Welfare issues discussed in parliamentary debate

An MP is calling for tougher action on horse tethering, as charities and local authorities are often powerless to legally prevent owners from inappropriately tethering horses.

Tethering is the practice of attaching a horse to a stake in the ground using a collar, or rope tied around its neck and fastened to a chain.

While this is intended as a short-term method for securing horses, Luke Hall, MP for Thornbury and Yate, said it is now being used as a way of keeping horses without purchasing land.
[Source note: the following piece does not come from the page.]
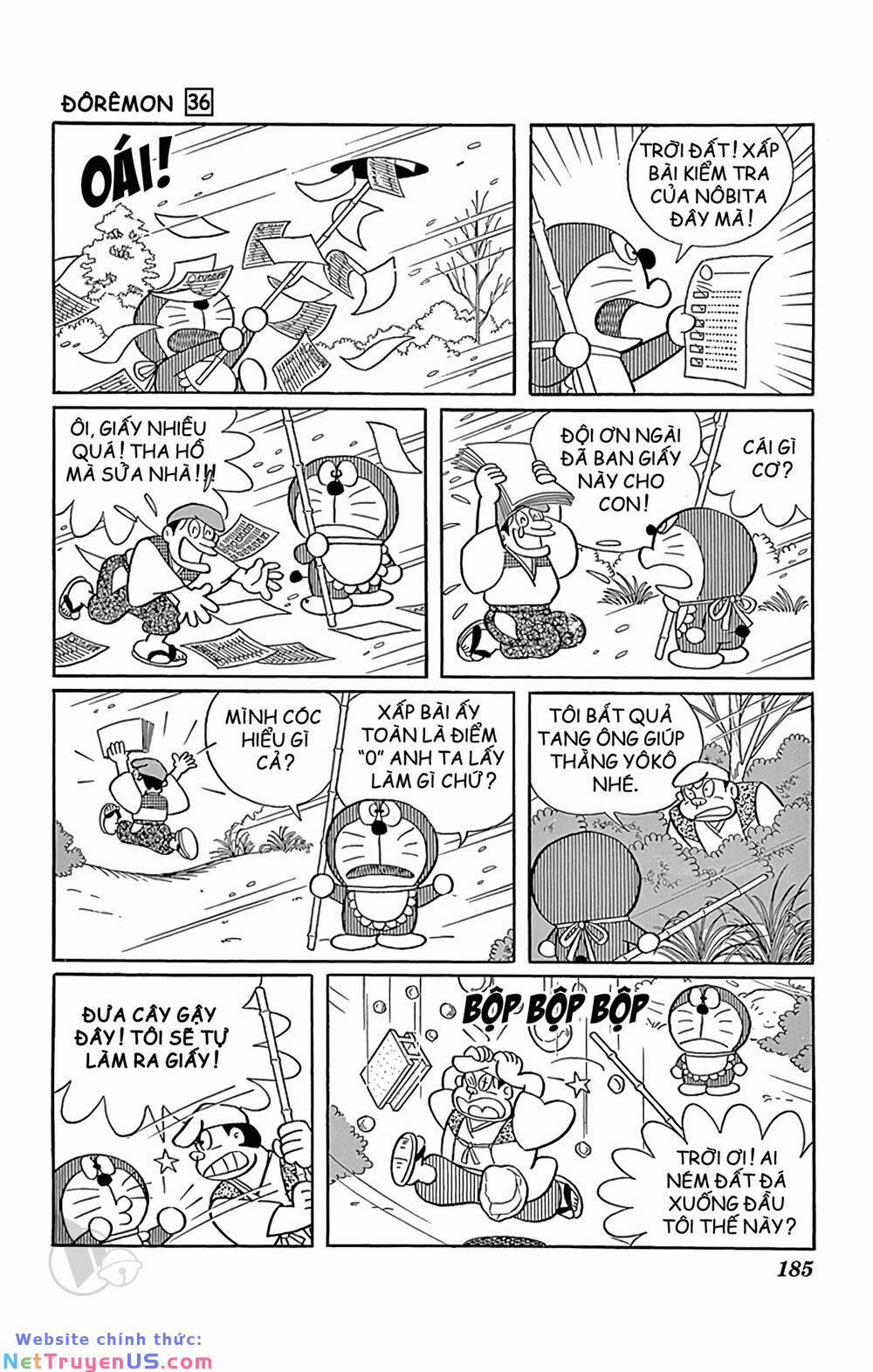 Doraemon 655 trang 16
Horses are grazed on private or public grassland, often by the side of busy roads.

Welfare concerns
Speaking at a recent parliamentary debate, Mr Hall said it is “virtually impossible to monitor the welfare of these animals” and they they can be moved on quickly before their keepers can be found or prosecuted.

As a result, around 3,500 horses are in a state of potentially compromised welfare, with little to no hope of intervention from charities as the law does not specifically state that tethering is a welfare concern.

Welfare issues highlighted during the debate included cases of horses getting tangled in fly-tipped rubbish, strangling themselves whilst trying to escape, running onto busy roads, being harassed by local children, lack of food, water and shelter and giving birth to foals while tethered.

Research carried out in South Wales by the University of Bristol previously found that 10 per cent of tethered horses had young foals; up to 90 per cent were not given water regularly; no shelter was given in over 80 per cent of cases and less than three per cent of equines spent more than five minutes a day away from the tether. Additionally, sites contained potential hazards in 50 per cent of cases and only a third of equines were visited at least every six hours, as is recommended.

Taking action
Mr Hall said this offers evidence that the welfare code is not being followed, and that the five freedoms outlined in the Animal Welfare Act are not being met in these cases. However, often cases of long-term tethering are not deemed to be enough of a breach of the Act for action to be taken, Mr Hall added.

The MP is calling for a 24-hour legal limit on how long equines can be tethered and a total ban on tethering by the roadside or in other dangerous locations. In addition, if tethering is the only method of keeping horses, they should not be kept. Finally, Mr Hall called for a mandatory requirement for all local councils to employ animal welfare officers.

Responding, parliamentary under-secretary of state for Defra, David Rutley, said: “The strong arguments made today and the concerns that have been raised mean that I shall call for a meeting with key stakeholders in the months ahead to see what more can be done in sharing and documenting best practice on horse tethering and ensuring that messages on best practice are more actively disseminated to horse owners.”